“Cosmic Ballad”
Perrey and Kingsley
From The In Sound from Way Out!, Vanguard VSD-79222, 1966
It’s easy to be eccentric, especially in music. Haul out your favorite weird instrument of choice and start plucking or poking or stabbing away. Or even better, find the nearest household object and use that instead.
To be eccentric and listenable is a much taller order. Gershon Kingsley and Jean-Jacques Perrey were two early pioneers of electronic music whose 1966 album The In Sound From Way Out! is widely regarded as a landmark recording for its use of synthesizers, tape loops, and found audio to construct melodies and soundscapes.
It’s weird as hell. For the most part, it’s not very listenable. The novelty has dulled with time, absolutely; there’s nothing on this album that couldn’t be recreated in Garageband within 45 minutes. (For comparison, the pair spent 275 hours and several miles of tape to create this thirty-minute album.) This type of early synthetic music is especially obnoxious for uptempo numbers, which seem designed to just scratch away at your one remaining nerve.
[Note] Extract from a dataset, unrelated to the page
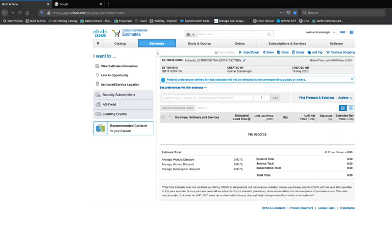Hello everyone and welcome to a fresh view on Cisco Commerce Workspace, or CCW. My name is Joshua Skybro. I'm a security systems engineer at Cisco within the partner space. To start it off, I'm going to show you how to build an estimate for probably one of our harder products: Firepower and its associated aspects.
“Cosmic Ballad” is the track that hits the most careful balance between eerie and weird, between haunting and scary. The rhythmic squeals that plunk away throughout start to fade into grey after a few listens, and your ear is drawn to the thin gossamer thread of the melody, slithering between the blips and bloops and suggesting something otherworldly, ethereal.
Music is music is music, whether you bleat it on a digiredoo or program it into an elaborate tape loop apparatus. The melody carries the day.